Olivia Hild: Das Bild des Gletschers ist eines der zentralen Bilder im Stück. Dabei interessieren mich in erster Linie die unterschiedlichen Zeitlichkeiten: Einerseits wissen wir schon seit Jahrzehnten um die Brisanz der Klimakrise und das Gletscherschmelzen und sehen diesen Entwicklungen beim Fortschreiten zu. Diese Vorhersehbarkeit in der Zeitachse interessiert mich. Gleichzeitig ist das Phänomen der Verzögerung aktiv: Der Gletscherrückgang den wir heute beobachten ist laut Wissenschaft eine verzögerte Reaktion auf die Klimaveränderungen vor Jahren, somit fungiert der Gletscher wie ein Sensor, der Vorgänge vergangener Zeit anzeigt - wie ein Echo. Die dritte Zeitlichkeit ist, dass beim Schmelzvorgang lange nichts sichtbar ist, obwohl die Schmelzbewegung in den Molekülen schon lange fortschreitet. Die Plötzlichkeit zwischen einer unsichtbaren Bewegung und einer massiven Bewegung und deren Zusammenhang finde ich faszinierend. Die vierte Zeitlichkeit ist, dass der Gletscher ephemer ist und somit in seiner Referenz existentiell.
Neben dem Gletscher sind zentrale Bilder des Schmelzens: der physikalische Schmelzprozess und ein emotionales Schmelzen maßgeblich inspirierend für _melt_.
Im Ankündigungstext heißt es, dass die Performenden den Zustand des Schmelzens entdecken – was wird uns da auf einer Bewegungsebene erwarten?

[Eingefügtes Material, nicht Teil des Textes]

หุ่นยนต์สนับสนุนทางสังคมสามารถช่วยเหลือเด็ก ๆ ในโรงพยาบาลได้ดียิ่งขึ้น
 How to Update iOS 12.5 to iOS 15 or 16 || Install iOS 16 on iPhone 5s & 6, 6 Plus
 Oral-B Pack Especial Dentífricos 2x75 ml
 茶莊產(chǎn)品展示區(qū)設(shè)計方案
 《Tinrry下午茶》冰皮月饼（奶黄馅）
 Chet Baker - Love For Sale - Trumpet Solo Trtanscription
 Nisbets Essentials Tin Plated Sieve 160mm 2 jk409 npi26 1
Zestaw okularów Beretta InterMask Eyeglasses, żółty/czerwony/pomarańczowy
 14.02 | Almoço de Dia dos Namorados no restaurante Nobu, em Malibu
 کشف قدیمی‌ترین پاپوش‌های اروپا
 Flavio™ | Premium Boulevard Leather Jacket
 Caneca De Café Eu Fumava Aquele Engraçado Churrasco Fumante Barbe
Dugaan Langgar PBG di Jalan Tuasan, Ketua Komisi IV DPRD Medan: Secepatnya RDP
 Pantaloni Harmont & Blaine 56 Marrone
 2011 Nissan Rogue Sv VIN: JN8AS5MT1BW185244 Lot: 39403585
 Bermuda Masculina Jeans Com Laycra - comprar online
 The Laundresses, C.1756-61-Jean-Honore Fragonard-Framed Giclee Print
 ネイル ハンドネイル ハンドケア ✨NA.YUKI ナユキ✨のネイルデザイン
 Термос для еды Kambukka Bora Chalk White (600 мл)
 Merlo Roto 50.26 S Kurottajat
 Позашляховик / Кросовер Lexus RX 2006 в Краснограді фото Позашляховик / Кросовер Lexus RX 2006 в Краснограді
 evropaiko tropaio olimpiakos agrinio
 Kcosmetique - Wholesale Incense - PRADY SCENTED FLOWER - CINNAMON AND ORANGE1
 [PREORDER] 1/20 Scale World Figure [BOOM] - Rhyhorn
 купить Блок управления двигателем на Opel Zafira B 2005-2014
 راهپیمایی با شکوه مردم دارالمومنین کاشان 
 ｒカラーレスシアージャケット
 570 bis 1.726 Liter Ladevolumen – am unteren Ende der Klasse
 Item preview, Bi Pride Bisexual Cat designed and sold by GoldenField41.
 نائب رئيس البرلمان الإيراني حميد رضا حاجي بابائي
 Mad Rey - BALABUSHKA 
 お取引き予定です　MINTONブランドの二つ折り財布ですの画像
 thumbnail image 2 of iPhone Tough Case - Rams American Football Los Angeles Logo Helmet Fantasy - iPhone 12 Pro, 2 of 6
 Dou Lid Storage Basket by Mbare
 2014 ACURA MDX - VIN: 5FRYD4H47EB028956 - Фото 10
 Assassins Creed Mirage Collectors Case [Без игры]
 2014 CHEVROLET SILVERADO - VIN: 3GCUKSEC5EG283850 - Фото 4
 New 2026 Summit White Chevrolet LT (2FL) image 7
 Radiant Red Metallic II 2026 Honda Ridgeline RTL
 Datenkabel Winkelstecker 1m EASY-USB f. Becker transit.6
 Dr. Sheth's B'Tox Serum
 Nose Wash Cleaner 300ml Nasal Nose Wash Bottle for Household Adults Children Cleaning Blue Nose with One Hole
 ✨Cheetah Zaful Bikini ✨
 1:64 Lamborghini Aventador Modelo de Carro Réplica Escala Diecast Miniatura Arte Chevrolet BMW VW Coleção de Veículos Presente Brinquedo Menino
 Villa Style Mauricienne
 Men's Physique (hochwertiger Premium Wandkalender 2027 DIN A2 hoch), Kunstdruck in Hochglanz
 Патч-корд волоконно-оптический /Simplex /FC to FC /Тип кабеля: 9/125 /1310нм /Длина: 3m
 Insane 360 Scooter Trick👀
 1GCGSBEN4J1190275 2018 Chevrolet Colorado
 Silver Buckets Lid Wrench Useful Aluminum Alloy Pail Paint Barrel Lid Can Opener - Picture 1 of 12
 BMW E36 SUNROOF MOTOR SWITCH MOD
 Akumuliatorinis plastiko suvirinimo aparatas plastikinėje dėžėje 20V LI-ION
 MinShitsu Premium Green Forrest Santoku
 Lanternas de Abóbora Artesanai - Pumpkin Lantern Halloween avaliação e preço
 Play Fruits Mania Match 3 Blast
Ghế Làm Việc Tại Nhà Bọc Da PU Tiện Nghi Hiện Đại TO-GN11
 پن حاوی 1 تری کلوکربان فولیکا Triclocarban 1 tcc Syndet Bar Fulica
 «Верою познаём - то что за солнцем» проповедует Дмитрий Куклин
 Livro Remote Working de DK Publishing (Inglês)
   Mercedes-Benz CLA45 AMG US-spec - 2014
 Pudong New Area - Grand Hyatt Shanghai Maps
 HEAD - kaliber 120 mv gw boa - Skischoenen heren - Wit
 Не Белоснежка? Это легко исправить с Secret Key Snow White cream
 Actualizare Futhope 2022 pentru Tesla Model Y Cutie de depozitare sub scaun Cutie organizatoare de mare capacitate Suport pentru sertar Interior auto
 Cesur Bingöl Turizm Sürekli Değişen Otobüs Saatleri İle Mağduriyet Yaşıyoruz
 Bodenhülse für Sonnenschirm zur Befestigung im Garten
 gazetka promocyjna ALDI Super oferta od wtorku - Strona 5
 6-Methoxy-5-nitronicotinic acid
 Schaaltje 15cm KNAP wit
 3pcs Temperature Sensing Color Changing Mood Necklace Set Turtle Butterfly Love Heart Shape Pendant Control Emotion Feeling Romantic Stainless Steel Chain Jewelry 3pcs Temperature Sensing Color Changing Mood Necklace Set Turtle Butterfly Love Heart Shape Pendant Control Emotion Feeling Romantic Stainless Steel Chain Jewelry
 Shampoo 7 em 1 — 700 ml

Olivia Hild: Die Tänzerinnen setzen sich mit Bewegungen auseinander, die einerseits vom Schmelzprozess im Eis inspiriert sind: sanfte Vibrationen, Bewegungen wie kleine Risse, Verschiebungen, Fallen, Rutschen, Treiben, Drücken. Das Thema wird auch auf emotionaler Ebene aufgegriffen und da beschäftigen sich die Tänzerinnen mit dem Festhalten, durch etwas durchbrechen, loslassen, den Weg frei machen, mit Phasen von Akzeptanz. Gleichzeitig spielen die Performerinnen mit ihrer Muskelspannung zwischen einem hohen, angespannten Tonus und Momenten des Nachlassens.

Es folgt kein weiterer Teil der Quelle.